Re: [PATCH 1/1 v2] xHCI 1.0: Endpoint Not Enabled Error

[Date Prev][Date Next][Thread Prev][Thread Next][Date Index][Thread Index]

 



Alex, see my answers below.

Alan,

All of this is a lot of work for the xHCI driver, and it seems like
other host drivers also could suffer from active URBs being outstanding
at inopportune times due to buggy drivers.  Would it be possible for the
USB core to cancel any outstanding URBs before resetting a device,
changing a configuration or alternate interface setting, or deallocating
a device?  It seems like that work really needs to be done in a central
location.

On Mon, Jun 20, 2011 at 06:33:22PM +0800, Alex He wrote:
> Hi Sarah,
> 
> I have some questions about it.
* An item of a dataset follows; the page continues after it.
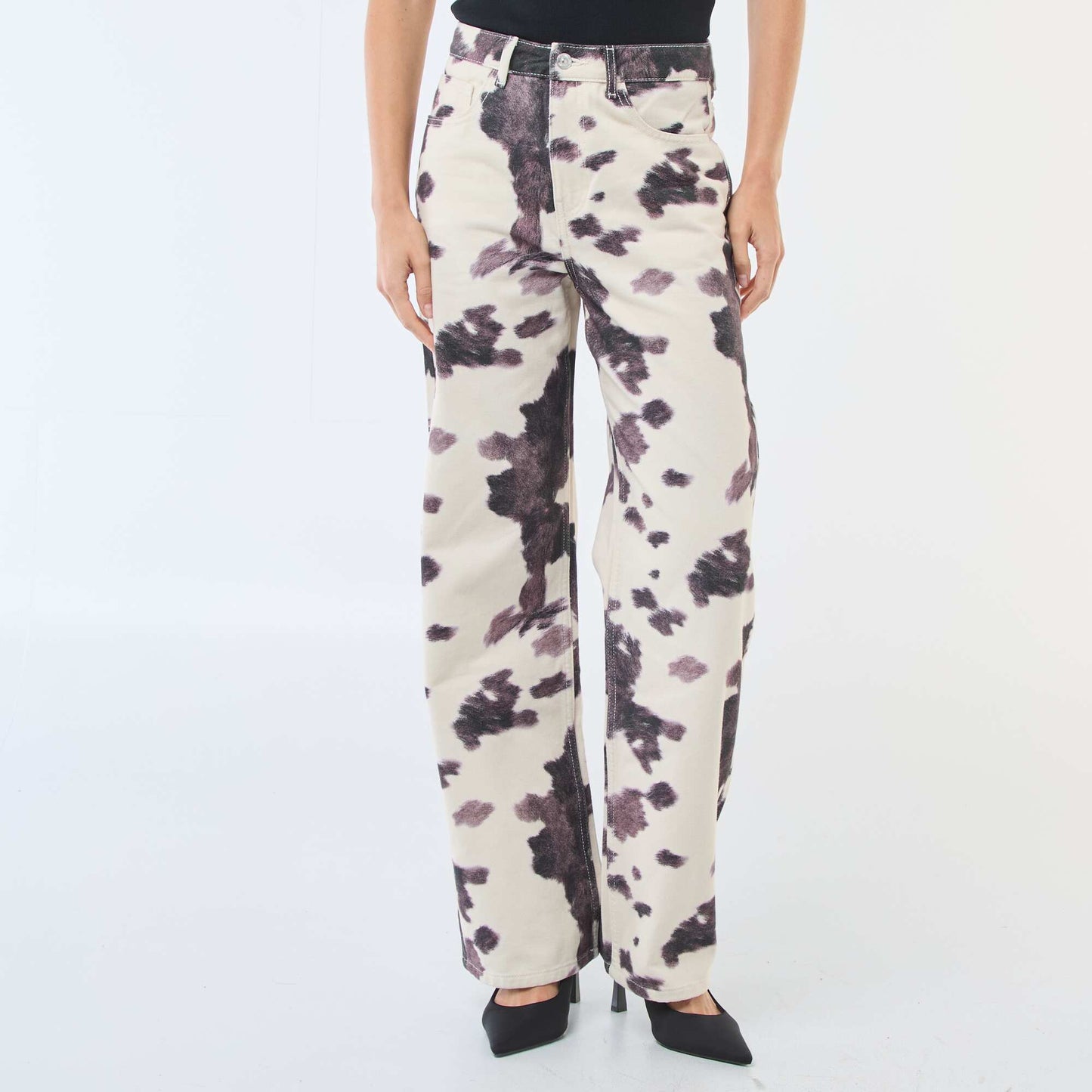 Pantalon large imprimé vache MARRON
You know I don't know xhci driver well.
> Please correct me if I was wrong.
> 
> 
> On Sat, 2011-06-18 at 01:12 +0800, Sarah Sharp wrote:
> > Hi Alex,
> > 
> > I thought at first that this patch was correct, but looking at it
> > further, I think this patch will leak URBs.
> > 
> > On Wed, Jun 08, 2011 at 06:25:50PM +0800, Alex He wrote:
> > >       /* Don't ring the doorbell for this endpoint if there are
> > pending
> > >        * cancellations because we don't want to interrupt
> > processing.
> > > @@ -1995,6 +2005,10 @@ static int handle_tx_event(struct xhci_hcd
> > *xhci,
> > >       case COMP_BUFF_OVER:
> > >               xhci_warn(xhci, "WARN: buffer overrun event on
> > endpoint\n");
> > >               break;
> > > +     case COMP_EBADEP:
> > > +             xhci_warn(xhci, "WARN: Doorbell rung for disabled slot
> > "
> > > +                             "or endpoint\n");
> > > +             goto cleanup;
> > 
> > What happens if we've placed a TD on a disabled endpoint ring and rung
> > the doorbell?  If you go directly down to cleanup, ret will still be
> > zero, and the TD will remain on the TD list:
> 
> I saw the xhci_urb_enqueue() (call prepare_ring()) has checked the
> ep_state to prevent to add TD to ep_ring for DISABLED EP.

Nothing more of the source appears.